> [TASK DETAILS]
Exclude the pictures. Transcribe, exactly as written, the lines from the one with "CE a Typhur F NSF 1 FC AFATE" through the end of the entries below.

** Opening MATERIALS PROVIDED block **

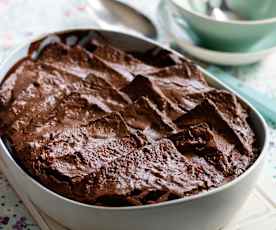 Chocolate Bread and Butter Pudding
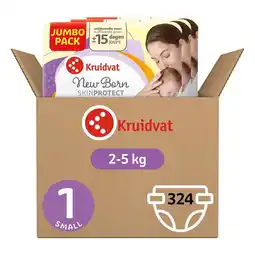 Kruidvat Kruidvat NewBorn Small Maat 1 Luiers Volumedoos aanbieding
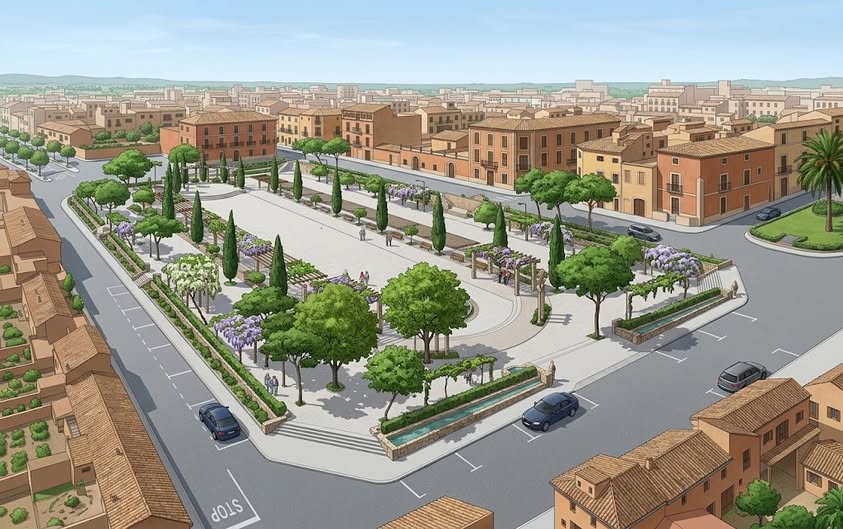 PROYECTO DE REACONDICIONAMIENTO DE LA PLAZA MALLORCA.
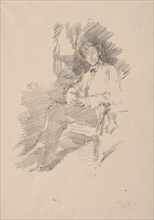 Walter Sickert, 1895. Creator: James McNeill Whistler (American, 1834-1903).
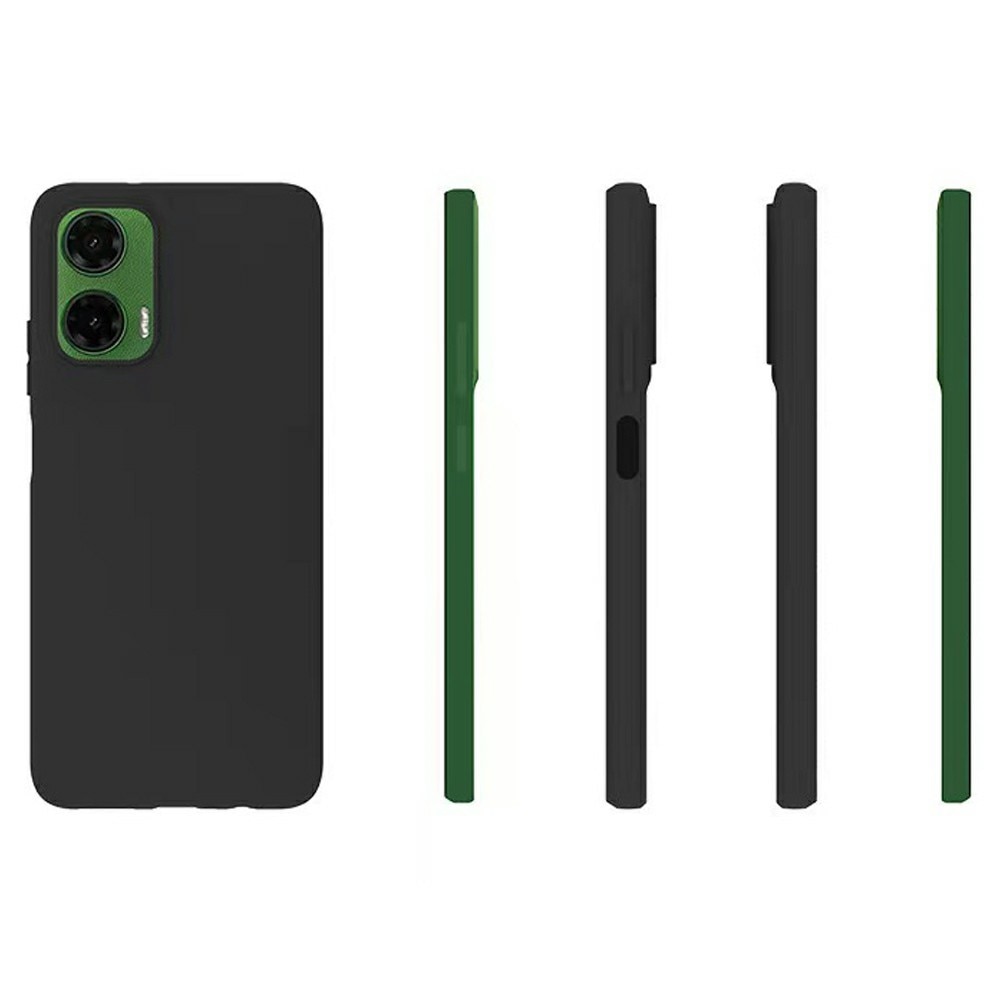 TPU Coque Motorola Moto G35, noir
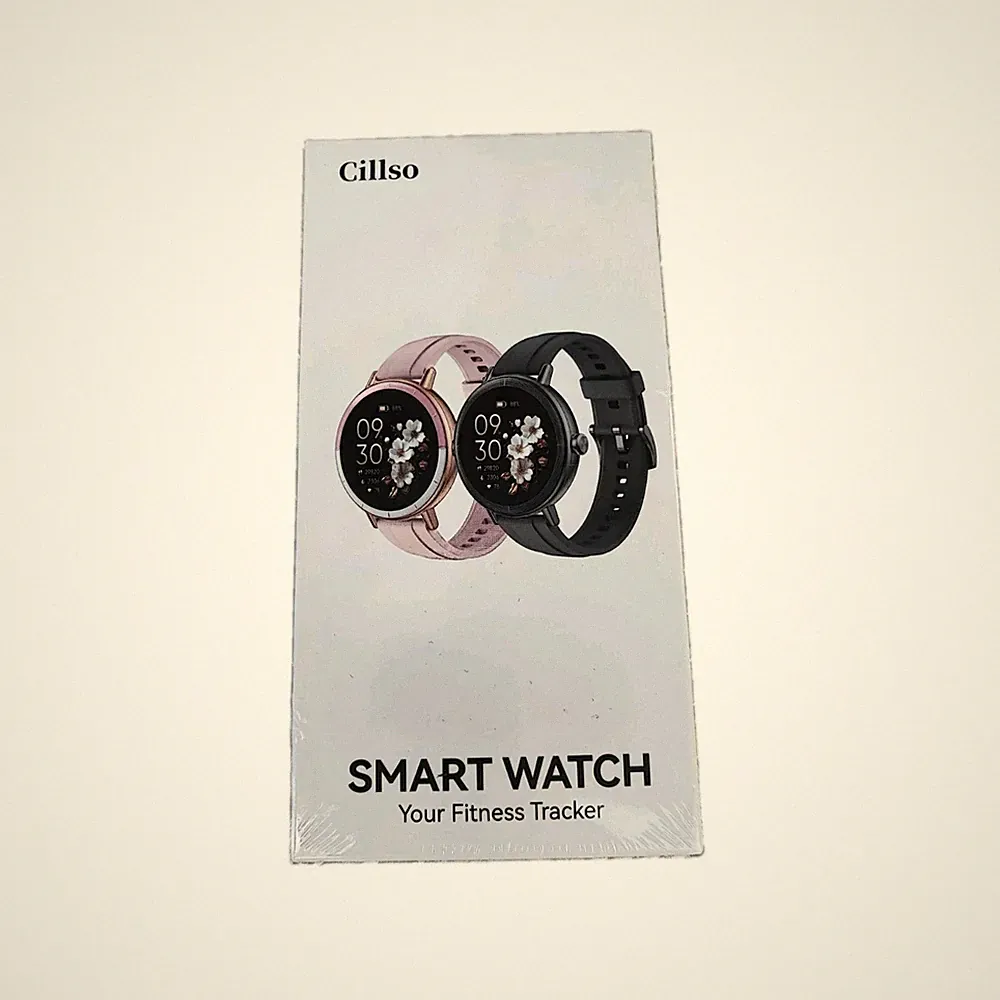 Cillso DR05 Smartwatch Fitness Tracker 1.27" IP68 Wasserdicht Hellblau B-Ware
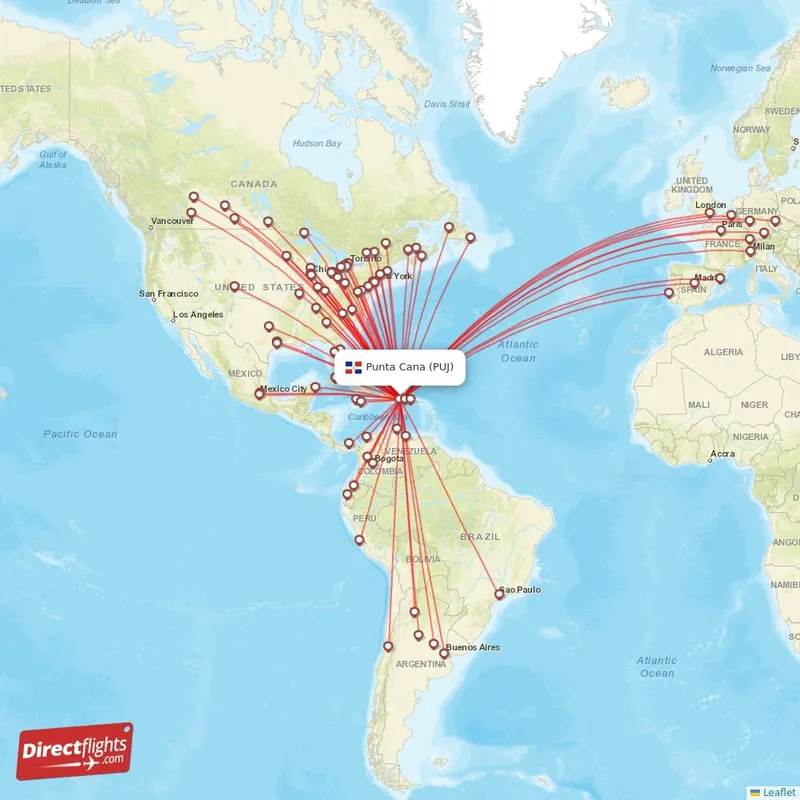 Direct flights to Punta Cana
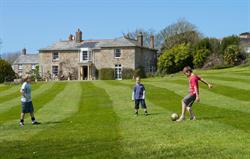 Fun on the Manor House Lawn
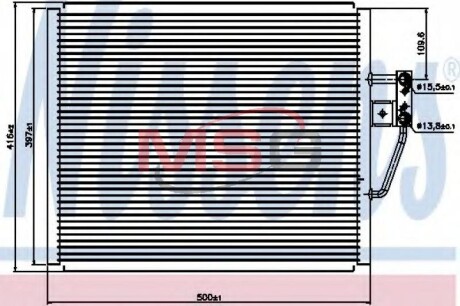 Конденсатор кондиціонера BMW 5 E39 (95-) NISSENS 94529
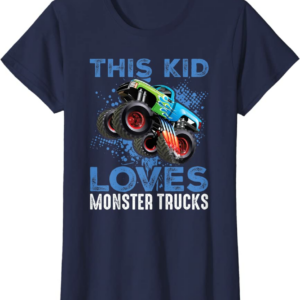 Monster Trucks Are My Jam For Boy T-Shirt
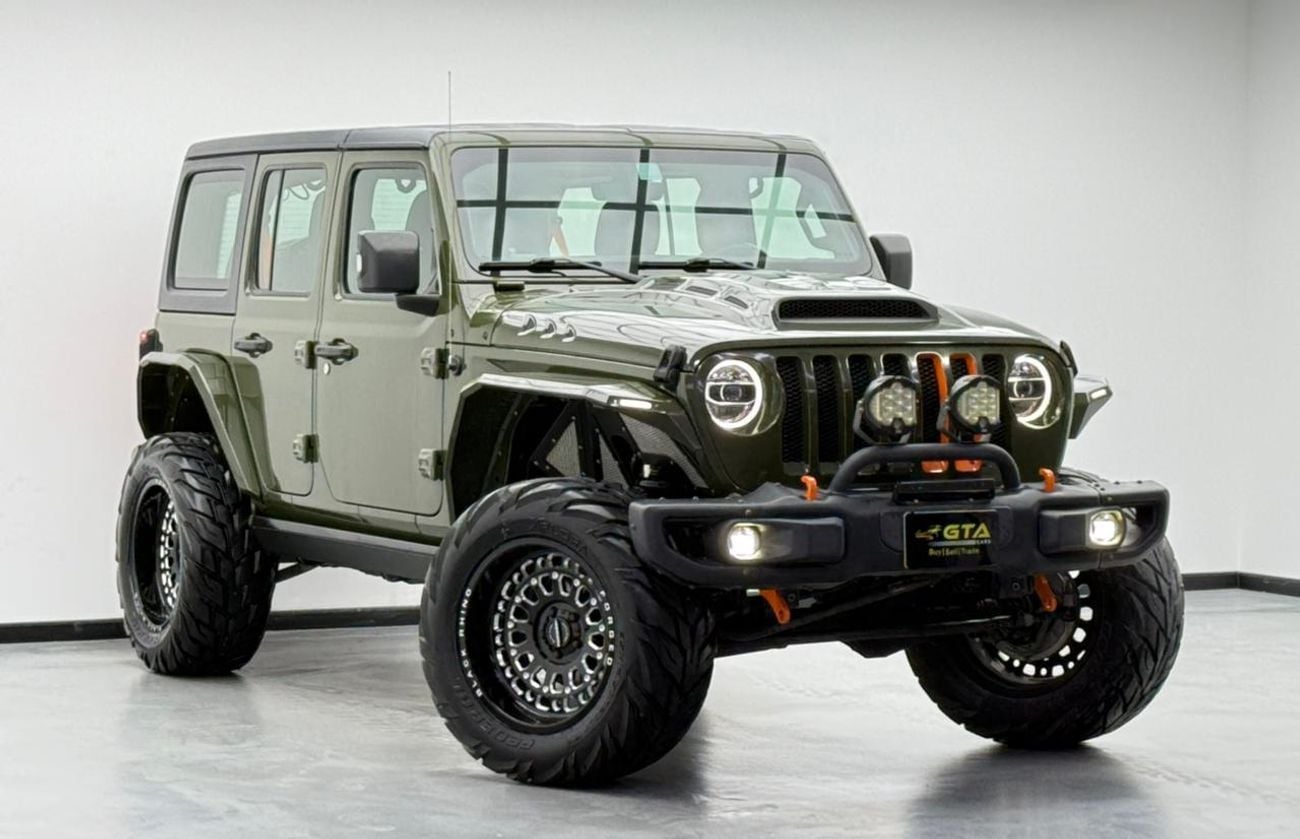 جيب رانجلر 2021 Jeep Wrangler Unlimited Sport Jeepers Edition, Lift Kit, 2 Year Warranty, Full Service History,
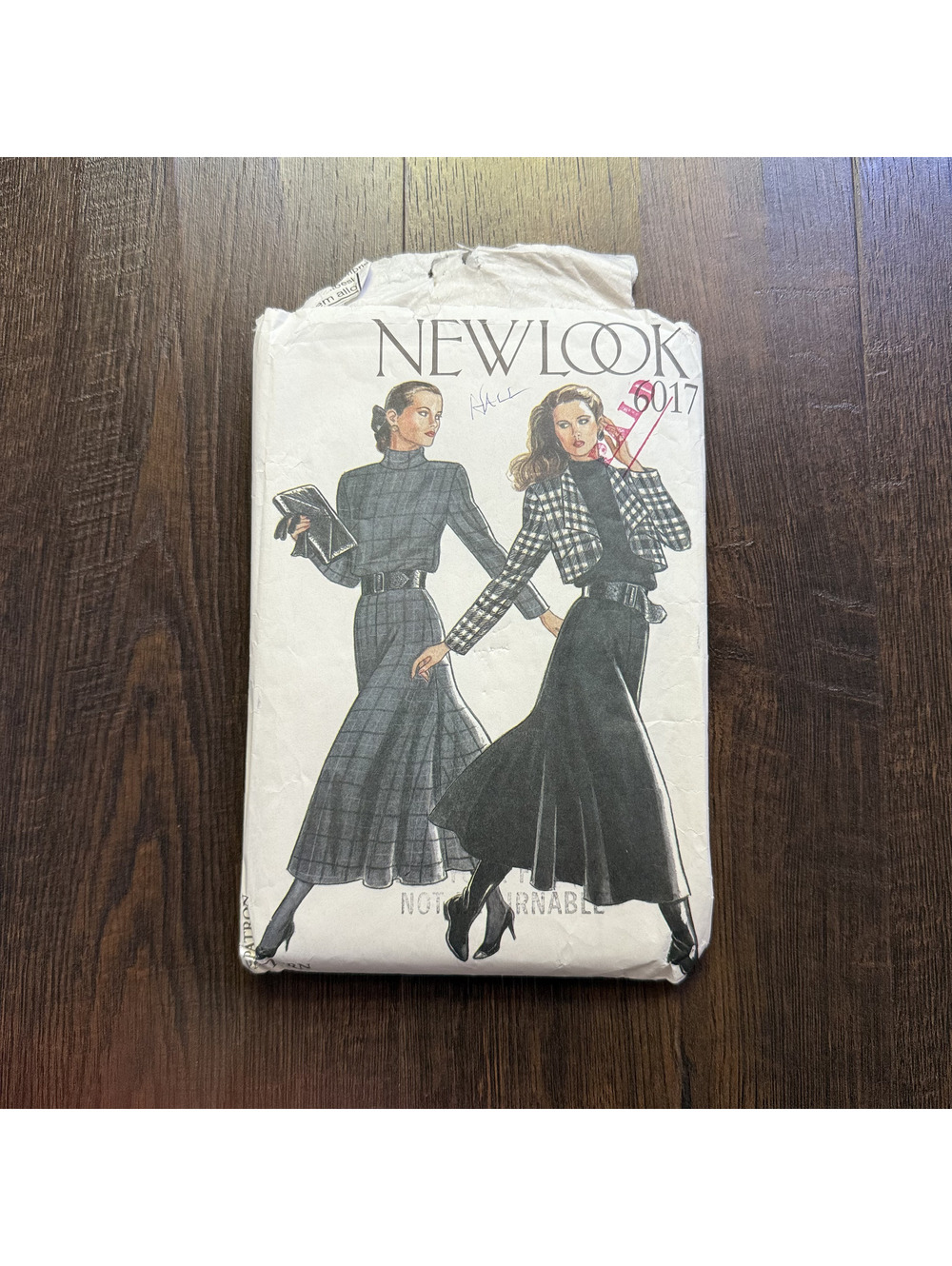 Vintage New Look 6017 Sewing Pattern Dress Cropped Jacket Size 8 10 12 14 16 18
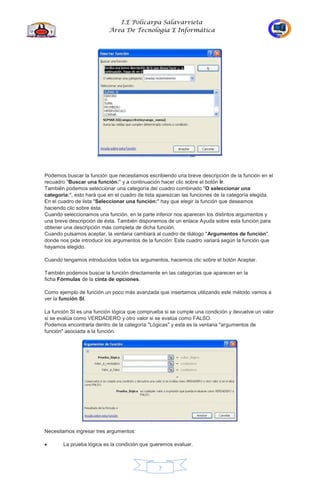 Cartilla de excel 10 grado | PDF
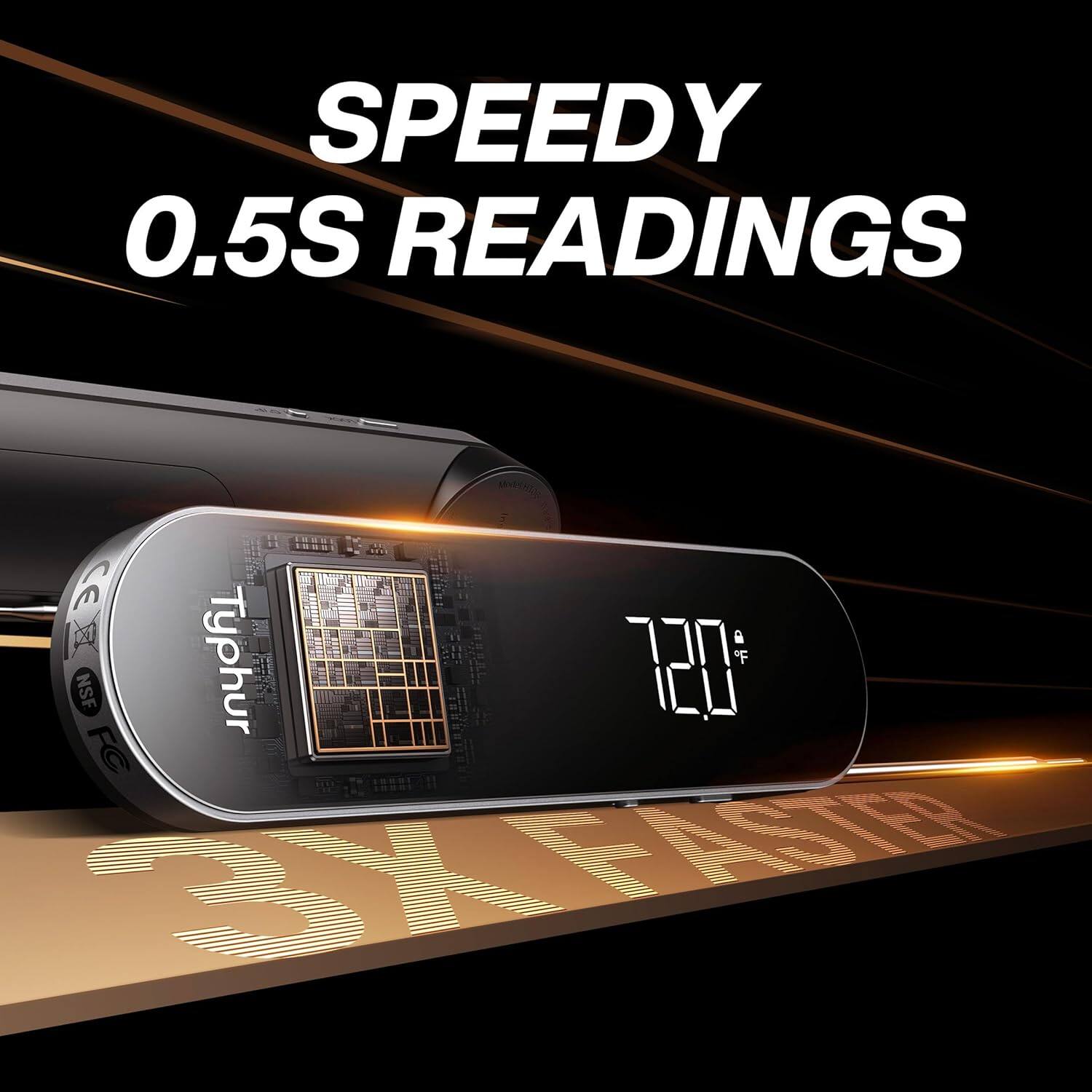 SPEEDY 0.5S READINGS  
CE a Typhur F NSF 1 FC AFATE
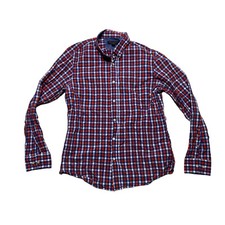 Banana Republic Soft Wash Slim Fit Shirt Mens Size L Checked Button Front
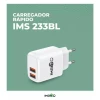 Carregador Rápido Duplo Lightning 18W Branco Imenso IMS-233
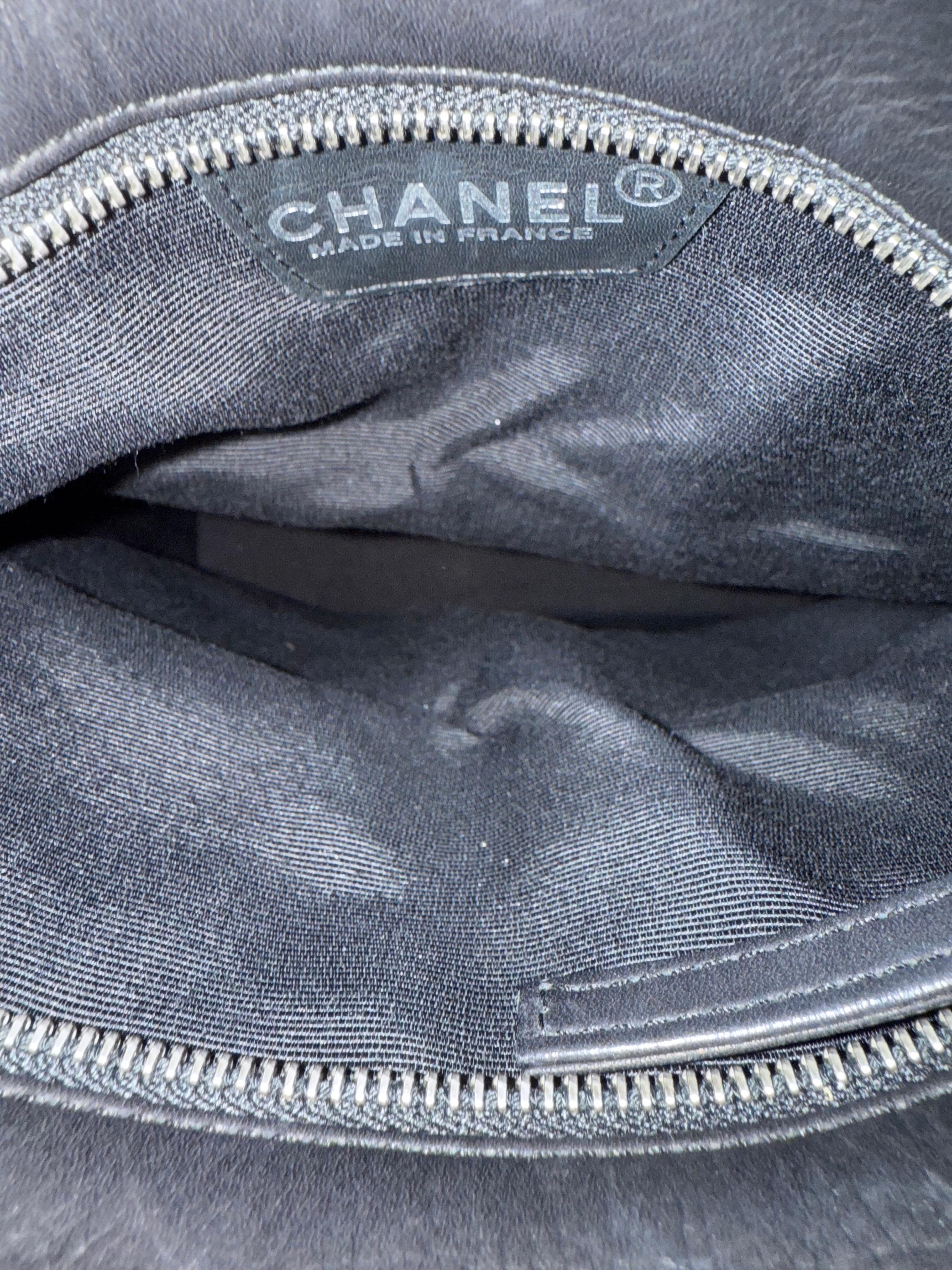 Chanel black calfskin backpack For Sale 2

** Closing MATERIALS PROVIDED block **

> [REPLY TO THE TASK]
CE a Typhur F NSF 1 FC AFATE
 Banana Republic Soft Wash Slim Fit Shirt Mens Size L Checked Button Front
 Carregador Rápido Duplo Lightning 18W Branco Imenso IMS-233
 Chanel black calfskin backpack For Sale 2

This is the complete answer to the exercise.